A thermal disc printer is an example of a blank media and CD/DVD duplicator equipment you should invest in, if ever you want to go into the CD manufacturing business. Although inkjet printing works for less number of prints, a thermal printer is more ideal for making high-volume and personalized disc labels.
Just like other devices, a thermal printer isn’t exactly cheap. This is why you need to get a unit which will fulfill all your disc printing needs. Here are several tips which can help you decide.
What Images are You Planning To Create?
Will you use multiple colors or single color for your disc printing? Are they going to be photo-realistic? Will you use graphics, or will it be all text only? If you prefer not to have full-colored labels, then you can start out with a standard thermal printer.

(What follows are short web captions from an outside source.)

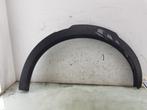 DIVERSEN Opel Mokka (|9834217780|98342177XT|983421778000|), Gebruikt, Opel
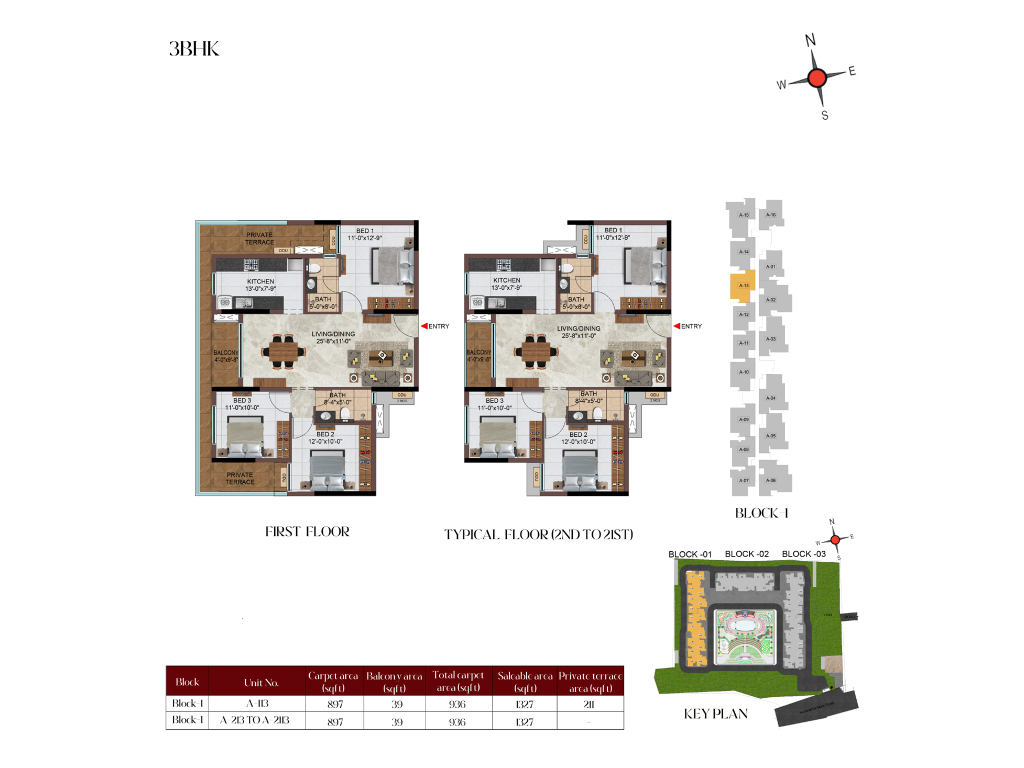 Floor-Plan-03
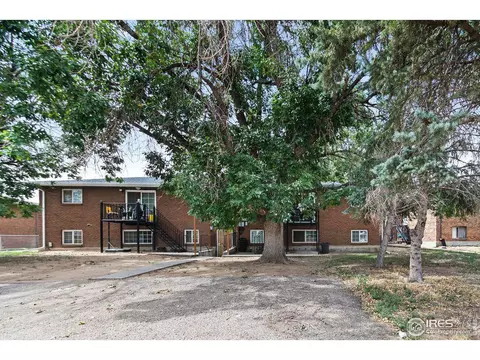 2911 State Farm Rd, Evans, CO 80620 photo 40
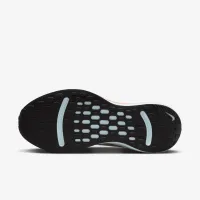 Nike Journey Run жіноча Road Running Кросівки колір білий
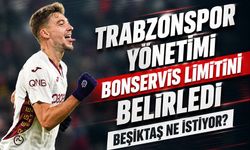 Fatih Tekke Ernest Muçi Transferi İçin Yönetime Baskı Mı Yapıyor?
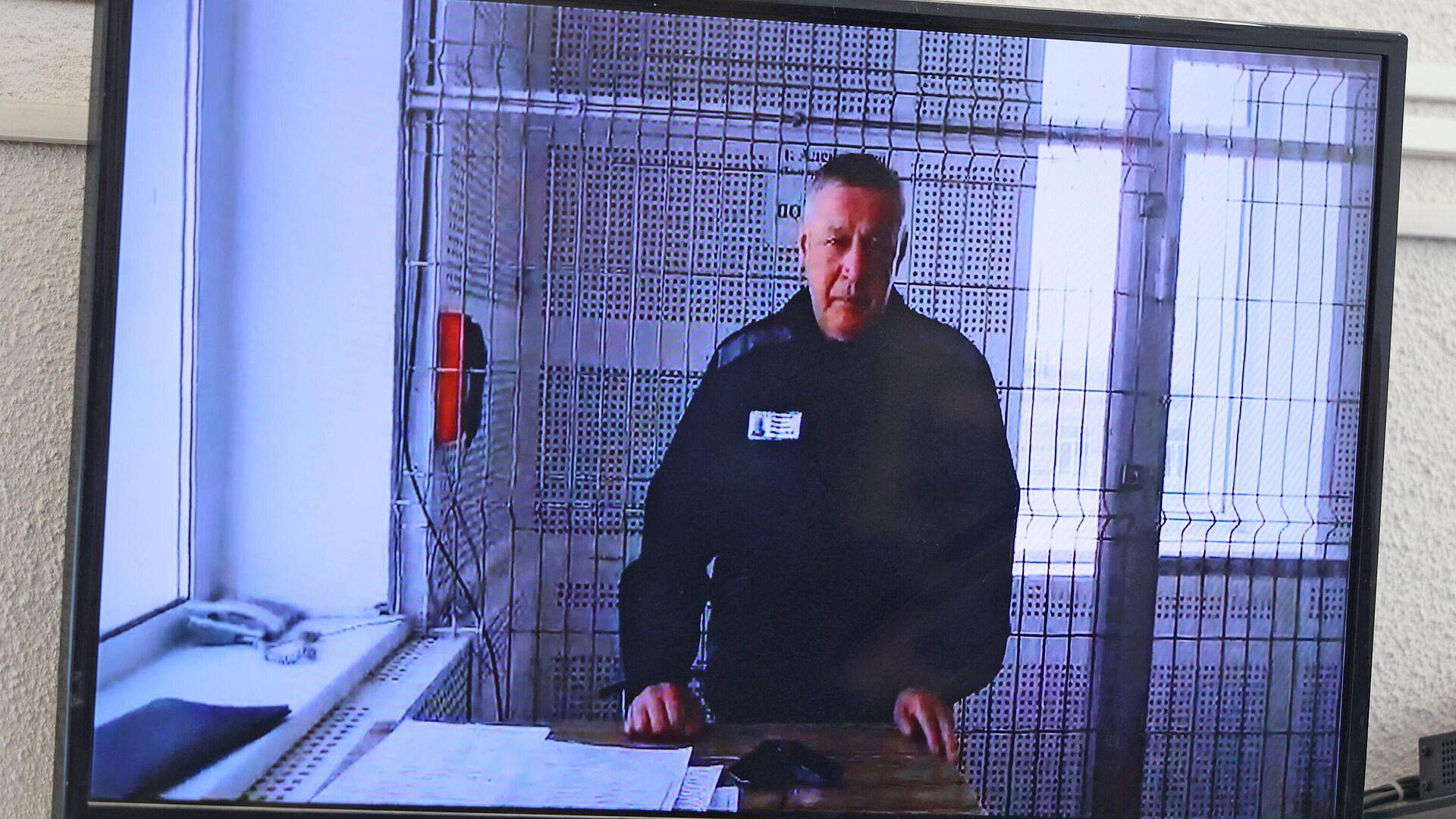 ������� ������ �� ������� 9 ������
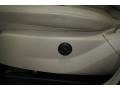 Arctic White - GLK 350 4Matic Photo No. 10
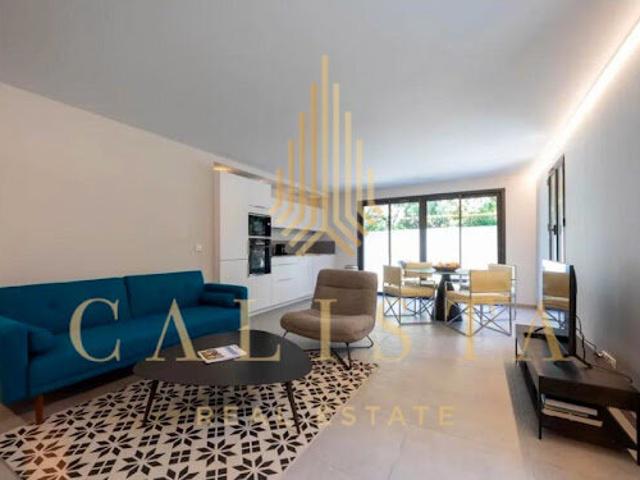 Apartment for sale in Carter, Oklahoma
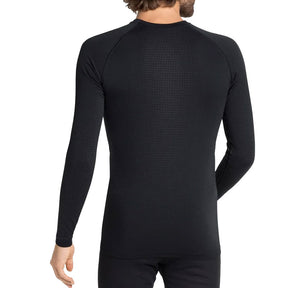 Maglia uomo Performance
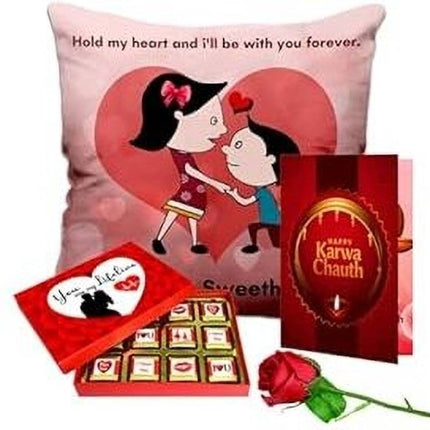 Couple gift sets
Creative couple gifts
Meaningful gifts for couples
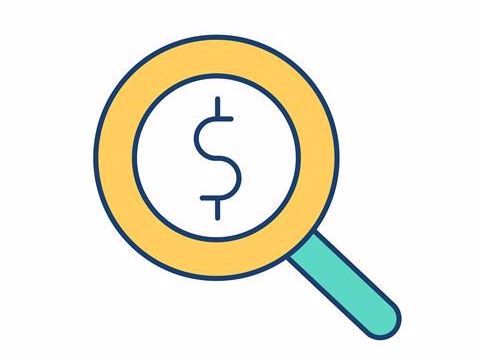 VIRegional.Newsletter@fnha.ca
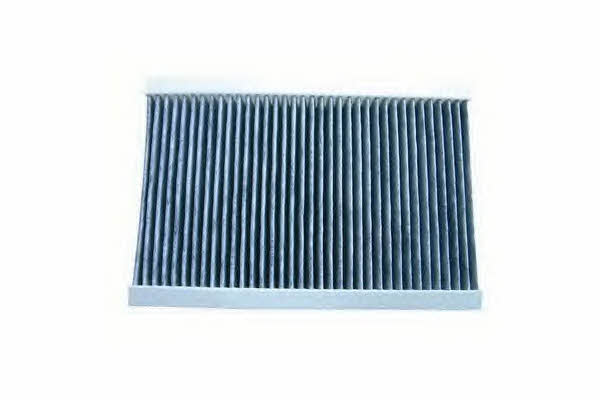Sidat 676 Activated Carbon Cabin Filter 676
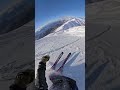 With hopefully lots of pov's looking just like that 😮‍💨 | Tyler Curle in New Zealand 🇳🇿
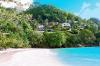 Lazare Picault Hotel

Standard Thermal Printers Versus Thermal Re-transfer Printers
If the disc printing task you need requires very simple text and graphics, then you should choose a standard thermal printer. It does not produce color blending and only creates spot-color, monochrome labels. If what you need are offset, high quality disc labels with photo-realistic hues. A thermal re-transfer printer is your best bet. Remember that in cheaper, re-transfer units, the images may come out good, but the text can be a bit grainy. This can be avoided if you buy a high-quality re-transfer unit.

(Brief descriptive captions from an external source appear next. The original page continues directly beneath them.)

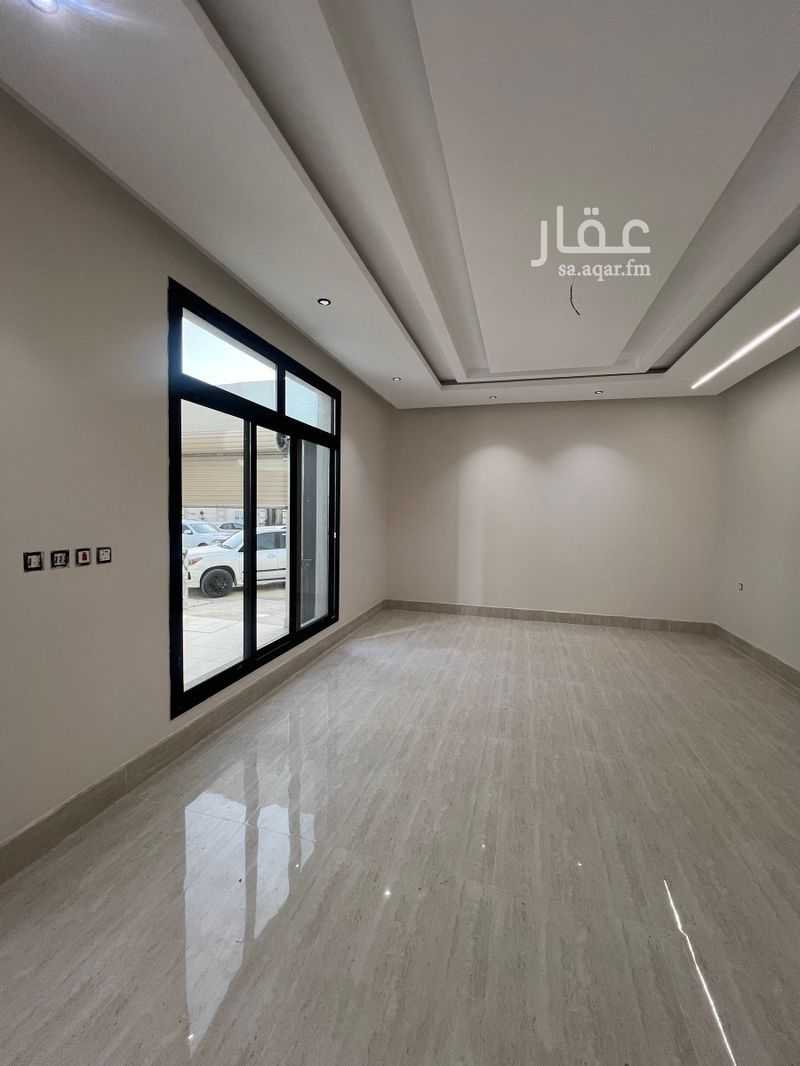 4 bedroom villa in Al Buhairah, Eastern Province 5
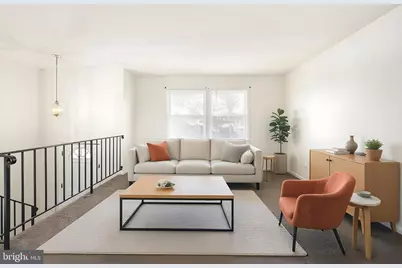 11806 Buchanan Court, Fredericksburg, VA 22407 - Photo 9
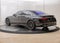 2021 Mercedes-Benz S-Class S 580 4MATIC®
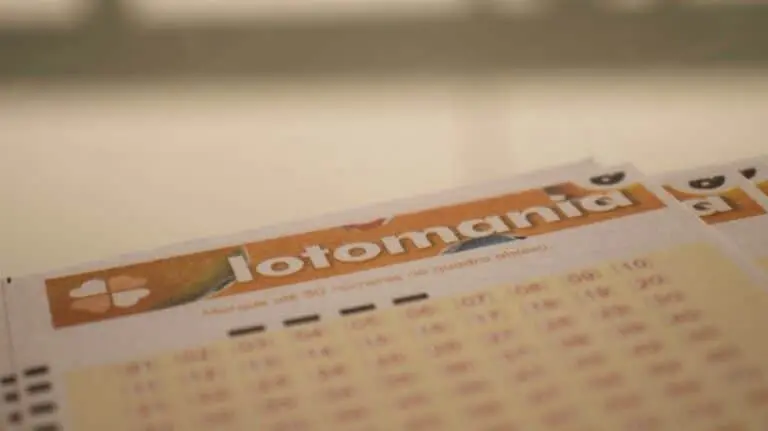 Lotomania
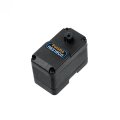 フタバ  (033698)  RS318CD  ロボット用小型軽量TTLコマンド方式サーボ  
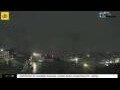 Webcam Lukla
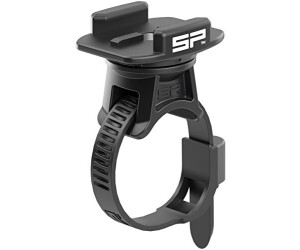 SP United Bike Clamp Mount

The Number of CDs or DVDs to be Produced
It’s best to calculate the amount of CDs and DVDs that you want to produce in a certain period of time. This is crucial when determining the appropriate printing speed for your disc printing. The quickest source for CD labels is the monochromatic thermal disc printer. Single color thermal printers’ speed can print labels for less than five seconds for every disc. On the other hand, photo-realistic disc printing can take a minute for every full-colored disc.
This will ultimately depend on the print speed and the image type and quality you need. Most units can cost 5,000 to 10,000 dollars, depending on their features. Of course, remember that the cost for every print is more crucial than the actual cost of the printer unit itself. Since thermal printers use ribbons and not ink cartridges, you can measure the cost per print more easily. For example, a standard thermal disc printer can cost you two cents for every CD or DVD label you make.
Blank media and CD/DVD duplicator equipment, such as a thermal cd printer, can be costly. Make sure you think and consider your options thoroughly before you settle for the best unit for your business.